May 26, 1863, The New York Herald
The battles of General Grant in the vicinity of Vicksburg, and the brilliant victories of Admiral Porter on the Yazoo, have to be numbered among the most successful operations of the war. Admiral Porter, in his official despatch, dated from the Yazoo river, on the 20th inst., details the capture of Haines’ Bluff by Lieutenant Walker, of the gunboat DeKalb, who not only drove out the enemy, but secured all their guns, ammunition, camps and equipage. The defences consisted of fourteen forts, and took the enemy twelve months to construct. Admiral Porter destroyed the gun carriages, blew up the magazines, and destroyed the works generally, which he describes as a network of defences such as he never saw before. Admiral Porter, in his official despatch, also describes the close investment of Vicksburg by Gen. Grant’s army, upon which city, he says, he hopes to be able to announce a general assault very soon, and the capture thereof. He says, further, that there has never been a case during the war where the rebels have been so successfully beaten at all points, and that the patience and endurance shown by our army and navy for so many months are about being rewarded.

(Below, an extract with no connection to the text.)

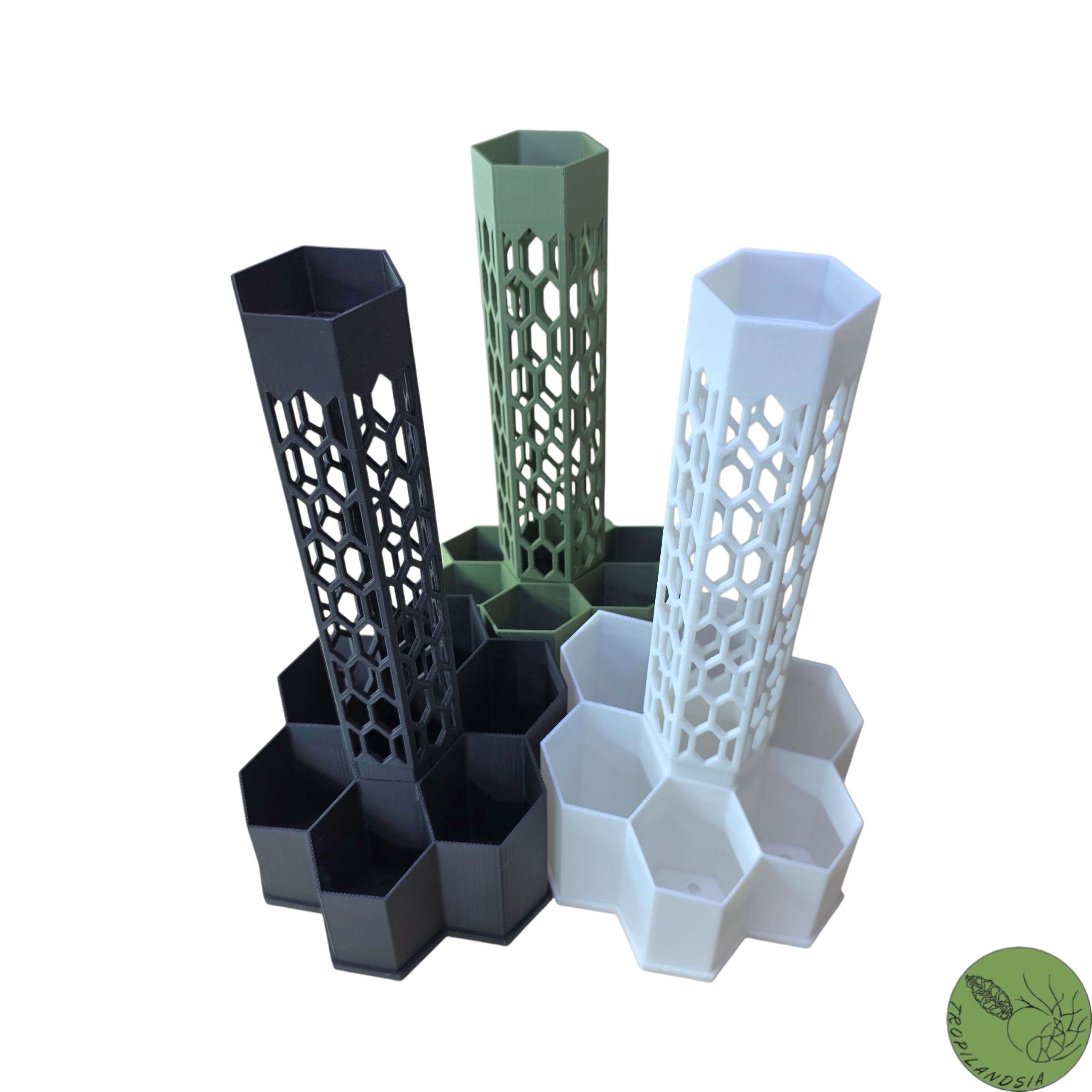 Pole Hexagone + Tuteur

The news received in Washington yesterday, although it does not embody any official account of the capture of Vicksburg, all tends to the belief that General Grant has by this time become master of the place. The latest intelligence the government appears to have received was up to Friday last, at nine o’clock P.M., when it was supposed that the city must fall on the next day. At that time General McPherson’s force, in the centre, was within one mile of the Court House at Vicksburg, while General Sherman on the right, and General McClernand on the left, were each within a mile and a half of the town, and the gunboats were shelling it in front.
Despatches from Cairo last night state that up to nine o’clock no boats from below had arrived at Memphis, and that some days may elapse before they have positive information, as all the boats were sent up the Yazoo river on special service.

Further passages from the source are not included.